Available @ registry.redhat.io/rhaiis-preview/vllm-cuda-rhel9:voxtral-realtime

Run:

podman run --rm \
    --device nvidia.com/gpu=0 \
    --security-opt=label=disable \
    --shm-size=4g \
    -p 8000:8000 \
    -v ~/.cache/huggingface:/hf:Z \
    -e HF_HUB_OFFLINE=1 \
    -e VLLM_DISABLE_COMPILE_CACHE=1 \
    -e HF_HOME=/hf \
    registry.redhat.io/rhaiis-preview/vllm-cuda-rhel9:voxtral-realtime \
      --model mistralai/Voxtral-Mini-4B-Realtime-2602 \
      --tokenizer-mode mistral \
      --config-format mistral \
      --load-format mistral \
      --trust-remote-code \
      --compilation-config '{"cudagraph_mode":"PIECEWISE"}' \
      --tensor-parallel-size 1 \
      --max-model-len 45000 \
      --max-num-batched-tokens 8192 \
      --max-num-seqs 16 \
      --gpu-memory-utilization 0.90 \
      --host 0.0.0.0 --port 8000

NOTE: You may want to customize the --device used, as well as the mounts for your HuggingFace cache.

Tested using an NVIDIA A100.

Important Notes

  • WebSocket Required: Must use /v1/realtime endpoint with audio streaming

Testing with Python Client

Install Dependencies

pip install websockets librosa numpy

Create Test Client

Save this as realtime_test.py:

#!/usr/bin/env python3
"""
Simplified realtime client for testing Voxtral.
"""
import argparse
import asyncio
import base64
import json
import librosa
import numpy as np
import websockets


def audio_to_pcm16_base64(audio_path: str) -> str:
    """Load an audio file and convert it to base64-encoded PCM16 @ 16kHz."""
    audio, _ = librosa.load(audio_path, sr=16000, mono=True)
    pcm16 = (audio * 32767).astype(np.int16)
    return base64.b64encode(pcm16.tobytes()).decode("utf-8")

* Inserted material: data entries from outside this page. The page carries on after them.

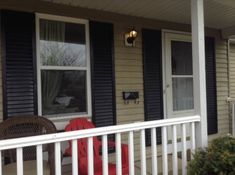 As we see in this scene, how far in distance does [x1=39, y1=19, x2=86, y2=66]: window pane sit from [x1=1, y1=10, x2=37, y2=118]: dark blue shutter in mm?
187

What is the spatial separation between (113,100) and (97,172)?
1510 mm

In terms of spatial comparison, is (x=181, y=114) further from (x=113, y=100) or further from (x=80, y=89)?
(x=80, y=89)

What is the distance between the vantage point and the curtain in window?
3.95m

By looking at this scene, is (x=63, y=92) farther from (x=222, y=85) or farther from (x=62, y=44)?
(x=222, y=85)

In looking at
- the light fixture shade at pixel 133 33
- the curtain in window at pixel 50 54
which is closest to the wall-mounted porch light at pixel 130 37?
the light fixture shade at pixel 133 33

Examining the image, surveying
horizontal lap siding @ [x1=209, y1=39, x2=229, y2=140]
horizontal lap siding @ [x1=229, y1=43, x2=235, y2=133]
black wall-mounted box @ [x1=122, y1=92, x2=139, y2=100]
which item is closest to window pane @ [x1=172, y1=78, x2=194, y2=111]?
horizontal lap siding @ [x1=209, y1=39, x2=229, y2=140]

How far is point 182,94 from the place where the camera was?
18.2ft

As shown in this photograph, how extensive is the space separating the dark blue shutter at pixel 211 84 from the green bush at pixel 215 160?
2.81 metres

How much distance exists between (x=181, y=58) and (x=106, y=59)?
1.71 metres

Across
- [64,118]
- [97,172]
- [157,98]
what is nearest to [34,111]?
[64,118]

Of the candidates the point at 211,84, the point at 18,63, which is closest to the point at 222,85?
the point at 211,84

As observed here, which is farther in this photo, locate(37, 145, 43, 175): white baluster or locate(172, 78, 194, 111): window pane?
locate(172, 78, 194, 111): window pane

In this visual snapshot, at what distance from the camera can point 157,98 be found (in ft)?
16.6

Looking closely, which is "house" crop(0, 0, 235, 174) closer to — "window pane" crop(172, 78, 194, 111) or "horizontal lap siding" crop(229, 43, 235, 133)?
"window pane" crop(172, 78, 194, 111) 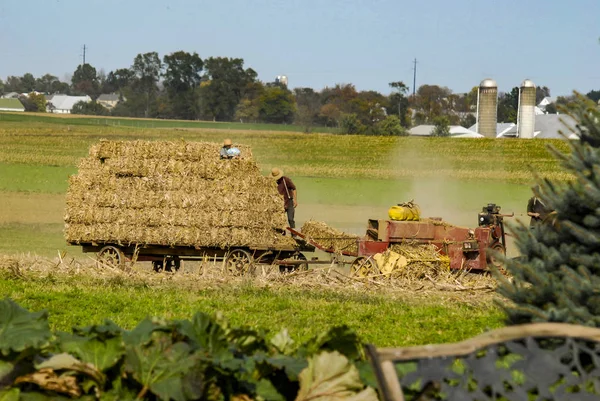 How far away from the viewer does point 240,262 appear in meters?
16.6

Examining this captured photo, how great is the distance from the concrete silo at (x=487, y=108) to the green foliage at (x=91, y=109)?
154 ft

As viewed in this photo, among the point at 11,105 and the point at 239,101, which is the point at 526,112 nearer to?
the point at 239,101

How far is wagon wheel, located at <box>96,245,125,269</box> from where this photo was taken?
52.5ft

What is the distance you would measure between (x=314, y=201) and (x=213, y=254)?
21550 millimetres

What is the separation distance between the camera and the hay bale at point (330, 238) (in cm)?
1731

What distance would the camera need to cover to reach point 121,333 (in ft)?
17.6

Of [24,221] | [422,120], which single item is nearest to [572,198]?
[24,221]

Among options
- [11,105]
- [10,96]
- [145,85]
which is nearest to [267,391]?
[145,85]

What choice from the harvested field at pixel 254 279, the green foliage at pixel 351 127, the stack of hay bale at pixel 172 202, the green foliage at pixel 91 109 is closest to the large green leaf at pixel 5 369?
the harvested field at pixel 254 279

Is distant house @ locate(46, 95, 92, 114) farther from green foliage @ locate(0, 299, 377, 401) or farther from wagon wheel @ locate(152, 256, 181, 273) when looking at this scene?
green foliage @ locate(0, 299, 377, 401)

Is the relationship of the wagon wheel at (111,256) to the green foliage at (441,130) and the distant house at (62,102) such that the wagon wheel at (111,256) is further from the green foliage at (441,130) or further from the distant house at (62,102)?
the distant house at (62,102)

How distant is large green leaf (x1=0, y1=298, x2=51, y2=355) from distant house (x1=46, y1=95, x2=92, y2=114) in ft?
463

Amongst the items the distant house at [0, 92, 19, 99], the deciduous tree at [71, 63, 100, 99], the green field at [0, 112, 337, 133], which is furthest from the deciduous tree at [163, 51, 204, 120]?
the deciduous tree at [71, 63, 100, 99]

async def realtime_transcribe(audio_path: str, host: str, port: int, model: str):
    """Connect to the Realtime API and transcribe an audio file."""
    uri = f"ws://{host}:{port}/v1/realtime"
    print(f"Connecting to {uri}...")

    async with websockets.connect(uri) as ws:
        # Wait for session.created
        response = json.loads(await ws.recv())
        if response["type"] == "session.created":
            print(f"Session created: {response['id']}")
        else:
            print(f"Unexpected response: {response}")
            return

        # Validate model
        await ws.send(json.dumps({"type": "session.update", "model": model}))

        # Signal ready to start
        await ws.send(json.dumps({"type": "input_audio_buffer.commit"}))

        # Convert audio file to base64 PCM16
        print(f"Loading audio from: {audio_path}")
        audio_base64 = audio_to_pcm16_base64(audio_path)

        # Send audio in chunks
        chunk_size = 4096
        audio_bytes = base64.b64decode(audio_base64)
        total_chunks = (len(audio_bytes) + chunk_size - 1) // chunk_size

        print(f"Sending {total_chunks} audio chunks...")
        for i in range(0, len(audio_bytes), chunk_size):
            chunk = audio_bytes[i : i + chunk_size]
            await ws.send(
                json.dumps(
                    {
                        "type": "input_audio_buffer.append",
                        "audio": base64.b64encode(chunk).decode("utf-8"),
                    }
                )
            )

        # Signal all audio is sent
        await ws.send(json.dumps({"type": "input_audio_buffer.commit", "final": True}))
        print("Audio sent. Waiting for transcription...\n")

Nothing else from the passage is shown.